Malcolm Jolley finds a seriously made fun wine from Piedmont.
I have been in Italy when Monica Larner has walked in the room and the eyes of every winemaker have switched immediately to track her movement, half hoping and half dreading she visits their table. Larner is the Italian wine critic for Robert Parker’s The Wine Advocate and website, and is as such a powerful force in, and a holder of deep knowledge of, the world of wine. I bring her up because apparently she gave Marco Parusso’s 2016 vintage of ‘Piani Noce’ Dolcetto 90 points and some high praise: “The 2016 Dolcetto d’Alba Pian Noce is a beautiful, if unusual expression of this unique and difficult grape variety.”

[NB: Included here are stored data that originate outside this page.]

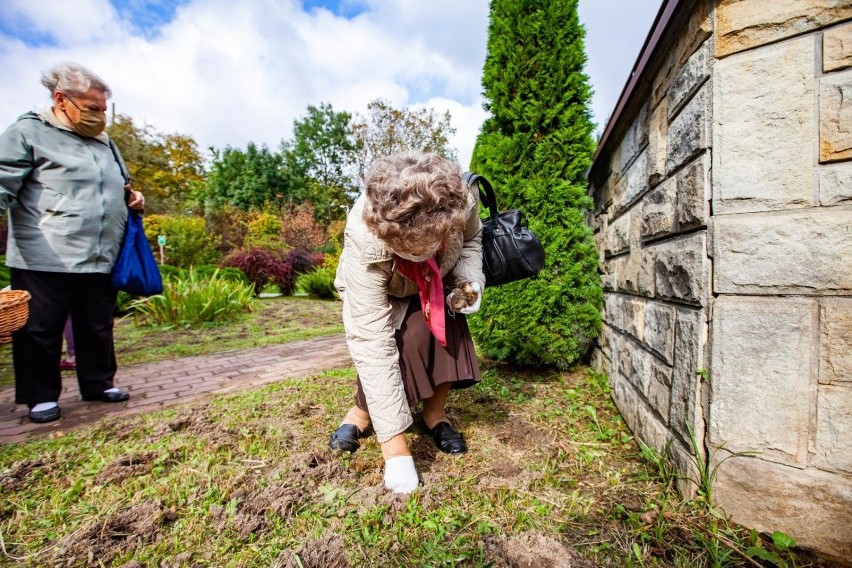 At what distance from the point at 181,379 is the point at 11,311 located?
1.61 meters

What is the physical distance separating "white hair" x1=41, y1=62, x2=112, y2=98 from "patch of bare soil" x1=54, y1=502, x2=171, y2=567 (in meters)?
2.06

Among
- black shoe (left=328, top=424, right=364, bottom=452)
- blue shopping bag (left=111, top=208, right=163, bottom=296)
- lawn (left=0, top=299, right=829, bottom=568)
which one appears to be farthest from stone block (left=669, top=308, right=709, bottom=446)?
blue shopping bag (left=111, top=208, right=163, bottom=296)

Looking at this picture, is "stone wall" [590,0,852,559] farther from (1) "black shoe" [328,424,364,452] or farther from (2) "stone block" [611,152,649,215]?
(1) "black shoe" [328,424,364,452]

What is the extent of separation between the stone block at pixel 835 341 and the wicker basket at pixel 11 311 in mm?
2787

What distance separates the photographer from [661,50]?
163 centimetres

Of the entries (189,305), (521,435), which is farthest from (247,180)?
(521,435)

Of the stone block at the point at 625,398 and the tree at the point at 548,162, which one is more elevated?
the tree at the point at 548,162

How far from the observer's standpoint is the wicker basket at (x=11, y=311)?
5.24ft

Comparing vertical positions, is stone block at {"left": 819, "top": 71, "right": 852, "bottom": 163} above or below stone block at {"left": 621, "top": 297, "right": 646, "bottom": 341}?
above

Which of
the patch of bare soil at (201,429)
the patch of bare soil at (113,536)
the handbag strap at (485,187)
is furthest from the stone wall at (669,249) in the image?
the patch of bare soil at (201,429)

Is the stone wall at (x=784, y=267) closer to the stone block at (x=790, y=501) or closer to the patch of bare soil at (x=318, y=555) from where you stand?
the stone block at (x=790, y=501)

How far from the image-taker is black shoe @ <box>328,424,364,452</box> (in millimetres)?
1832

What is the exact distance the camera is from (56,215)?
211cm

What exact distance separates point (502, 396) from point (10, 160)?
2.88 meters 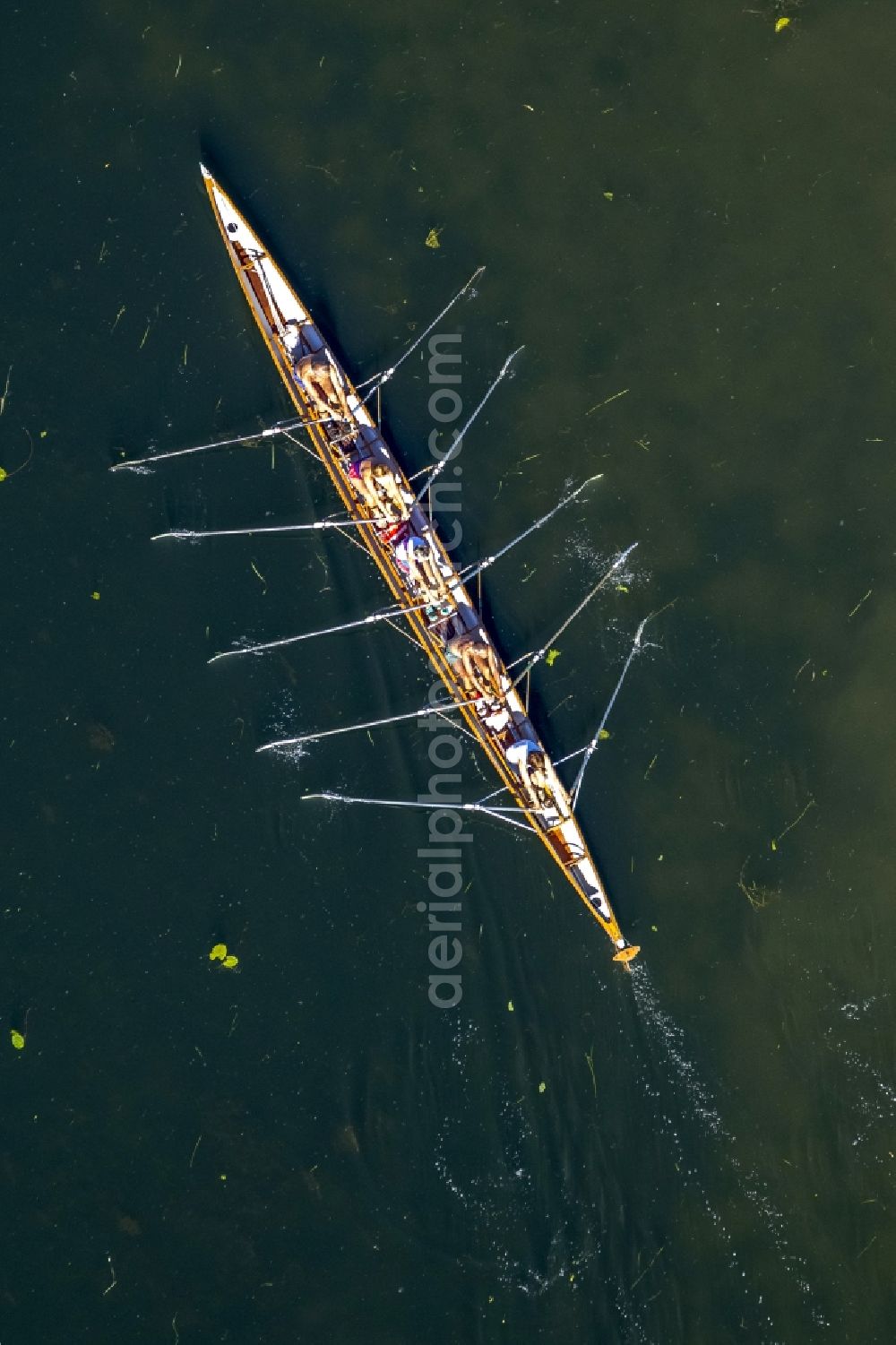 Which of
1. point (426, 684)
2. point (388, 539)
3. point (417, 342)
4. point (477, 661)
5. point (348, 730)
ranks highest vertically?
point (417, 342)

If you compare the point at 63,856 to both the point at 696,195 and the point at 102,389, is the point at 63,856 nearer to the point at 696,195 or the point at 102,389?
the point at 102,389

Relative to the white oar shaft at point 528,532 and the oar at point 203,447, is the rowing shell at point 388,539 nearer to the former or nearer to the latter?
the white oar shaft at point 528,532

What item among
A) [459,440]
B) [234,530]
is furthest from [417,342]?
[234,530]

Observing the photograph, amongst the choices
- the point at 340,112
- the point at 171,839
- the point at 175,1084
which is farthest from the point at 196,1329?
the point at 340,112

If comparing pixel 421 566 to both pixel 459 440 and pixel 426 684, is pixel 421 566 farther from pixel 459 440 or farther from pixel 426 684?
pixel 459 440

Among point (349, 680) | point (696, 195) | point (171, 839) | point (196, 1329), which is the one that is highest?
point (696, 195) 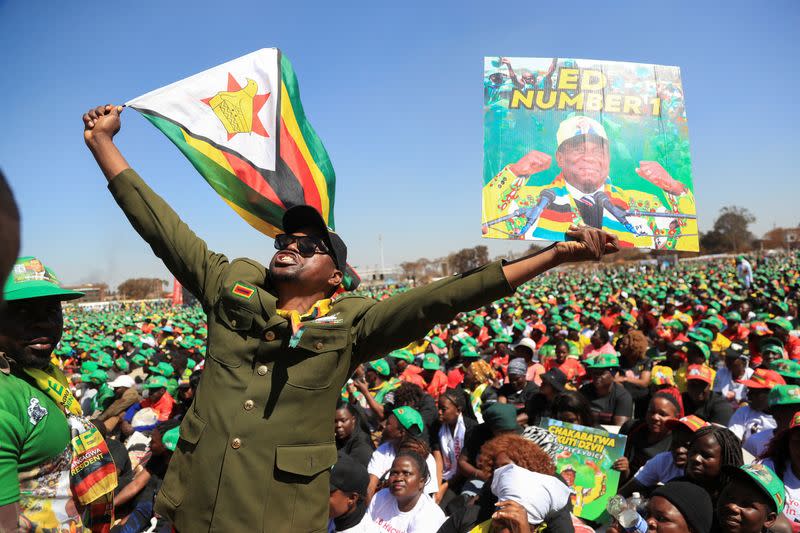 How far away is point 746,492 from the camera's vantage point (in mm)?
2939

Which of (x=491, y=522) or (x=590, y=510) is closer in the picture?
(x=491, y=522)

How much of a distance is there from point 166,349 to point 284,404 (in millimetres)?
15017

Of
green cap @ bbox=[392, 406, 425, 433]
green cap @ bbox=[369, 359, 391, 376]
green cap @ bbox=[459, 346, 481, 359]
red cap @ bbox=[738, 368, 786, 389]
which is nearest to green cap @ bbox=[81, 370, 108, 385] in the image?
green cap @ bbox=[369, 359, 391, 376]

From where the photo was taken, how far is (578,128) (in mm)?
3256

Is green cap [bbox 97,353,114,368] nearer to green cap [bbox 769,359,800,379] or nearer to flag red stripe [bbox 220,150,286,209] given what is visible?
flag red stripe [bbox 220,150,286,209]

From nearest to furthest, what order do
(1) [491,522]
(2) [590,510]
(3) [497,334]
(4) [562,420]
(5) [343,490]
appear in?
(1) [491,522]
(5) [343,490]
(2) [590,510]
(4) [562,420]
(3) [497,334]

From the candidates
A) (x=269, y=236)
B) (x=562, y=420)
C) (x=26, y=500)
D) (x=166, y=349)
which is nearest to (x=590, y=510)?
(x=562, y=420)

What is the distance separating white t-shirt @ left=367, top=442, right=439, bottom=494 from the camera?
4965 millimetres

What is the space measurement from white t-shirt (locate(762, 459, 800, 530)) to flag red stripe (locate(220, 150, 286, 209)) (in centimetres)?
368

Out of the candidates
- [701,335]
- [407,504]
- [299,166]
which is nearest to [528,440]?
[407,504]

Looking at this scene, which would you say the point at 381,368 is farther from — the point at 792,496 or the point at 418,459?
the point at 792,496

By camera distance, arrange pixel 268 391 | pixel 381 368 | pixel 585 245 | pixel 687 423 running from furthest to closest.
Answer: pixel 381 368 → pixel 687 423 → pixel 268 391 → pixel 585 245

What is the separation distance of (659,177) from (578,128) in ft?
1.79

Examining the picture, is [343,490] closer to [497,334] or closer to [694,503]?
[694,503] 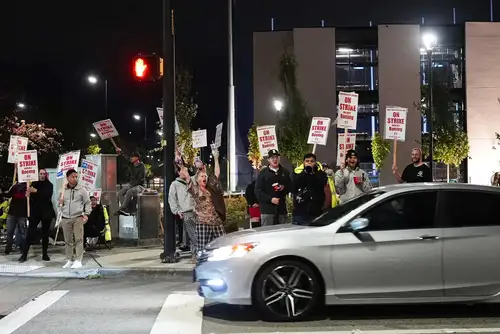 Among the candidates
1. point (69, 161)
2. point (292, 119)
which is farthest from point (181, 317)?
point (292, 119)

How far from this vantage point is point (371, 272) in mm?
6465

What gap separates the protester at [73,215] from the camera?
10.6 meters

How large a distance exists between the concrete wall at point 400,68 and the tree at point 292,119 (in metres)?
5.63

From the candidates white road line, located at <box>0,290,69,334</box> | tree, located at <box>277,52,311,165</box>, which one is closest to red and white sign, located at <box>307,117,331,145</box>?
white road line, located at <box>0,290,69,334</box>

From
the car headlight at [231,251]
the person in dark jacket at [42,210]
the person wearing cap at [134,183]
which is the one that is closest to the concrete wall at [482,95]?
the person wearing cap at [134,183]

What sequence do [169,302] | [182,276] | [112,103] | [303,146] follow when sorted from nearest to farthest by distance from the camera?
[169,302], [182,276], [303,146], [112,103]

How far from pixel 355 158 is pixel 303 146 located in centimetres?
2507

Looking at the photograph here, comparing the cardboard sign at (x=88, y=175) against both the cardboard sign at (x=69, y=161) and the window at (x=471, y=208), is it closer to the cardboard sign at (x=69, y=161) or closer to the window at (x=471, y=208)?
the cardboard sign at (x=69, y=161)

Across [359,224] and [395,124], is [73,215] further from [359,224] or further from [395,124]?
[395,124]

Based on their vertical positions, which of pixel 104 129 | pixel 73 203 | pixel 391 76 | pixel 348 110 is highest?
pixel 391 76

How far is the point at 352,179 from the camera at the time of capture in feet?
34.2

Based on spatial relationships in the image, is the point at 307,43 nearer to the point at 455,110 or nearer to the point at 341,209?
the point at 455,110

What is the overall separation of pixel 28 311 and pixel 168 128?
4.44m

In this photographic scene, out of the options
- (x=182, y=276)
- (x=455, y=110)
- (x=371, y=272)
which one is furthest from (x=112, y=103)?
(x=371, y=272) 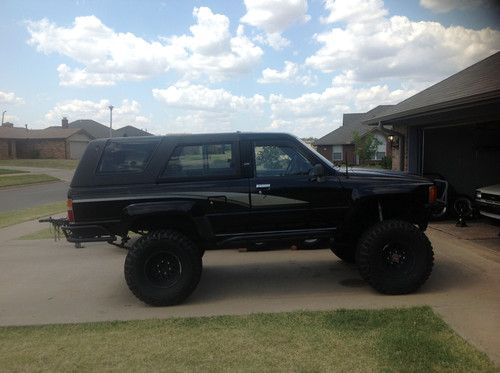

Who am I to argue? I agree that the 2016 Parusso ‘Piani Noce’ Dolcetto d’Alba DOC ($20.95 – LCBO# 232504) is a delicious wine, that it is unusual for a Dolcetto, and that it’s a tremendous value. On the first count, the Piani Noce has a serious dark cherry character, which I would put closer to a Piedmonetese wine made with Barbera, or even Nebbiolo. It also shows tannic structure, not from wood but maceration on skins grown over the course of a hot year. It defies the typical light and bright Dolcetto profile, and comes across as a much more serious wine, and therefore, as Larner says, “unusual” but in a very pleasing way. And in a very budget friendly way. Yes, it’s just over $20, but I would happily put it up next to wines at twice or more the cost. I plan to use the ‘savings’ to buy a really big steak to pair it with – it definitely wants food, and with a little bit of fat to calm the tannins.
I suspect Marco Parusso had great fun making this wine, a serious Barolo winemaker’s take on table wine. I’m glad he’s let us in on it and suggest you might like to give it a try.